Women Talking
6.3
Women Talking

Film de Sarah Polley (2022)

Je crois que j'ai beaucoup de mal aujourd'hui avec le didactisme et le pédagogisme dans les films, surtout quand c'est à outrance et qu'il n'y a aucune proposition esthétique derrière, comme si le spectateur était trop stupide pour essayer de comprendre un propos ambigu ou dénonciateur d'un phénomène. Malheureusement, Women Talking a tendance à tomber dans ce piège, au détriment d'un message fort et d'une qualité visuelle intéressante.


Le film est adapté d'un roman lui même inspiré d'une histoire vraie s'étant déroulée en Bolivie, où une colonie de religieuses se faisait régulièrement droguée et violée. Faisant passer ça ces violences pour des présences démoniaques, les hommes finissent pas se faire repérer. Et pendant leurs longues absences hors de la colonie, plusieurs femmes se réunissent pour savoir quoi faire, entre se battre, ou fuir le seul et unique monde qu'elle connaisse. Il y a plein de choses intéressantes sous traitées dans le film : les conditions de ces femmes, illettrées, confinées malgré elles et ayant vécu en communauté pendant toute leur vie. Mais le fait que ça soit filmé de manière très hollywoodienne dénature ce réalisme cruel et prend donc une tournure de l'ordre de la fable (voulue apparemment par la réalisatrice) mais qui peine à transmettre la violence subie par ces femmes. Le fait de ne montrer aucun viol est un parti pris qui est défendable, il n'est pas nécessaire de filmer la violence pour la faire ressentir. Mais comme tout est millimétré dans le jeu, le cadre, les intentions, les dialogues, on a du mal à capter leurs profondes douleurs. La musique parfois un peu trop omniprésente vient plomber certains plans d'une réelle beauté esthétique, et les actrices, plutôt que d'ancrer leur débat dans un réel plus cru, semblent jouer la course aux oscars dans leurs interprétations. Je trouve ça dommage de ne pas avoir été plus subtil pour capter ce réel enfer qu'elles ont vécu. En jouant plus souvent avec des silences, les incompréhensions entre elles, et surtout, la place de la religion dans ces violences subies.

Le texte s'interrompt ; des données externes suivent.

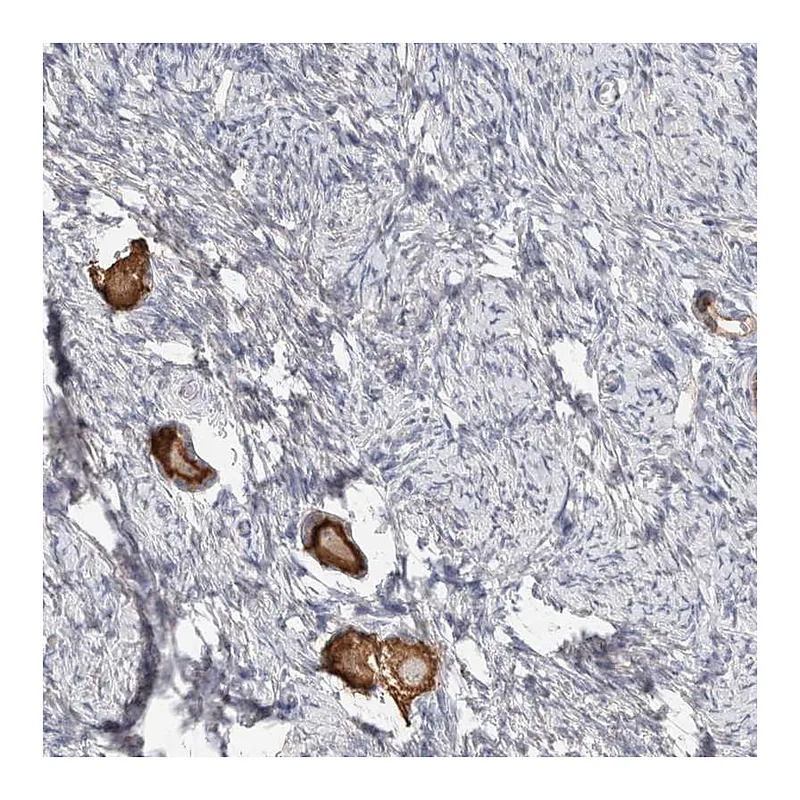 Atlas Antibodies Anti-ANKMY1 Antibody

Les quelques disputes qui explosent dans le film sont très souvent liées à ce rapport à la religion et au pardon : doit-on excuser ces hommes qui ont si longtemps abusés de femmes en les droguant ? Une réelle question morale difficile et qui est très intéressante esthétiquement. Mais le film n'en fait finalement pas grand chose, tout se joue sur quelques dialogues beaucoup trop didactiques. Et la haine refoulée est représentée là aussi beaucoup trop en surface, que par le biais de quelques moments explicatifs. Le fait qu'il s'agisse en grande partie d'un huis clos force la réalisatrice à appuyer sur ses dialogues pour faire passer son propos, à savoir que le système engendre les hommes à commettre ces crimes. Pareil, sujet intéressant, qui est abordé de manière assez nuancée dans le film. Mais c'est frustrant de ne jamais saisir le cœur de tout ça au travers de la mise en scène. Women Talking sonne donc presque comme une leçon et devient au fur et à mesure très moralisateur et pédagogue, ce qui fait perdre toute substance à la proposition esthétique de Sarah Polley.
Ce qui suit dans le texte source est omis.